> **Exercise description**:
From the data below, repeat everything exactly except the images.

----- Material provided -----

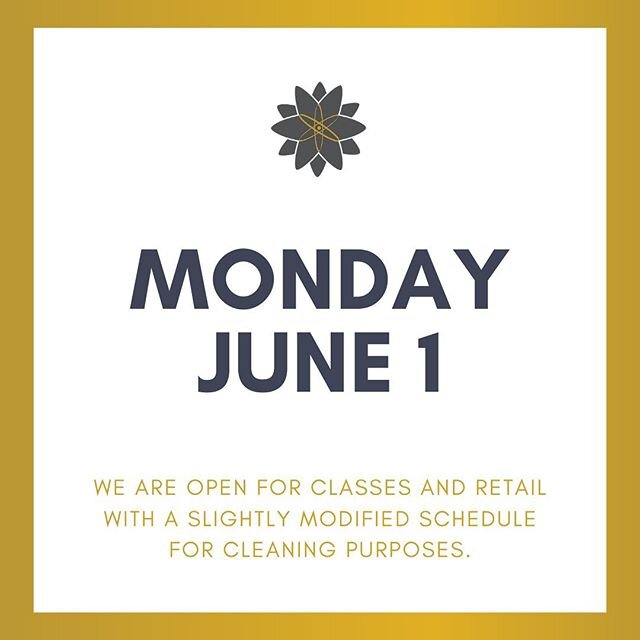 🌟RE-OPENING JUNE 1st🌟
We are excited to re-open our doors on June 1st. This date allows us to confidently open the healthiest and safest studio with in person and online options for YOU❤️. We are excited to offer:
🌟Expanded schedule to accommodate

-----

> **Response**:
 🌟RE-OPENING JUNE 1st🌟
We are excited to re-open our doors on June 1st. This date allows us to confidently open the healthiest and safest studio with in person and online options for YOU❤️. We are excited to offer:
🌟Expanded schedule to accommodate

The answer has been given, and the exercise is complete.